Khan Lab Folder Structure

This document outlines the proposed organized folder structure for our neuroimaging lab under /project/rrg-akhanf/khanlab. This structure is designed to centralize data, streamline collaboration, and ensure consistency across all projects. This structure aims to improve collaboration, data accessibility, and lab productivity.


Root Directory

All lab-related data and projects are organized under:

/project/rrg-akhanf/khanlab

Top-Level Directories

| Directory               | Purpose                                                                                  |
|-------------------------|------------------------------------------------------------------------------------------|
| `/datasets`             | Raw and derived datasets, organized by source (internal, external).        |
| `/trainees`             | Individual folders for archived data from lab members (current and past).                                   |
| `/code`                 | Central repository for lab-wide code, scripts, containers, and pipelines.                            |

Datasets Directory

All datasets are stored in the /datasets directory, with raw and processed data grouped by dataset.

/datasets
    /internal        # Datasets generated within the lab
        /<dataset_name>
            /sourcedata        # Raw source
            /tabular           # Tabular data
            /bids              # BIDS (raw or minimally-preproc)
            /derivatives       # Processed data from pipelines (e.g., fMRIPrep, QSIprep)
            /code              # Dataset-specific code
    /external        # External datasets (e.g., HCP, UK Biobank)

Trainees Directory

Individual folders for lab members, divided into current and past trainees.
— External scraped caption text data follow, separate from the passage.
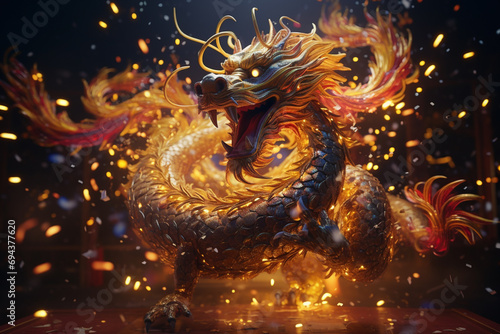 majestic golden Chinese dragon, elegantly celebrating the Chinese New Year. photo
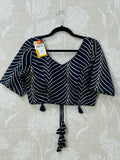 Dark blue chiffon blouse with goat Patti work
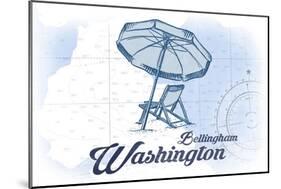 Bellingham, Washington - Beach Chair and Umbrella - Blue - Coastal Icon-Lantern Press-Mounted Art Print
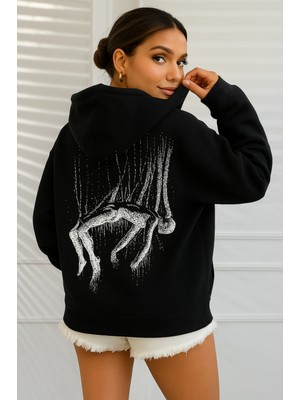 Bellanova Kadın Oversize Kapüşonlu Sweatshirt Arka Baskılı Sanatsal Tasarım Üç Iplik Kanguru Cepli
These folders should store the data that you wish to retain (e.g. analyses related to papers published or in-progress). These folders will inherit group-writable permission so that lab managers can move/archive the data at a later date.
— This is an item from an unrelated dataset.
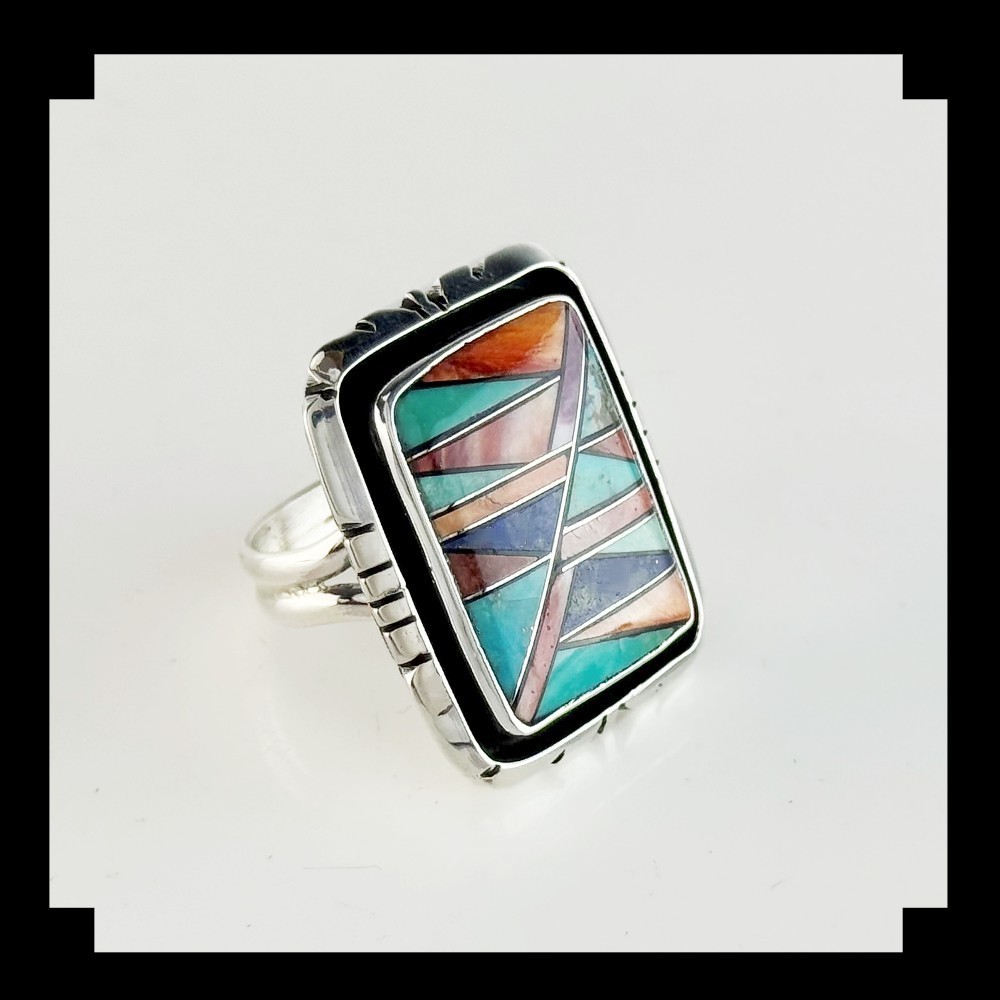 Handcrafted Sterling Silver Multi Stone Inlay Ring Adjustable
What about my folders in /project//?

These folders (one for each allocation, including default allocation and project allocations, should not be used for any persistent data, since the lab managers do not have access to them for archiving, nor do your fellow lab members (for collaboration). These folders will be wiped after you leave the lab.

/trainees
    /current
        /<username>
            /<project_name>
    /past
        /<username>
            /<archived_project_name>

Code Directory

Centralized location for shared scripts, code, containers required by the group. This folder should be group-writable by default.

/code
  /containers

Folder Creation Guide

When adding new data or projects:

  1. For Datasets:
    • Create a folder under /datasets/internal or /datasets/external.
    • Use subfolders for sourcedata, bids, tabular, derivatives, code.
    • Ideally, raw data should be placed in sourcedata, and the code to generate the other folders should be in a github repository and cloned in code.
  2. For Trainees:
    • Create a folder under /trainees/current/<username>.
    • Archive past members under /trainees/past.
  3. For Code:
    • Use github repositories under the khanlab org

Enforcing Structure

This section is under construction

  1. Use automated scripts to ensure directory consistency.
  2. Periodically audit the structure to maintain organization.
  3. Follow permissions guidelines to prevent unauthorized access.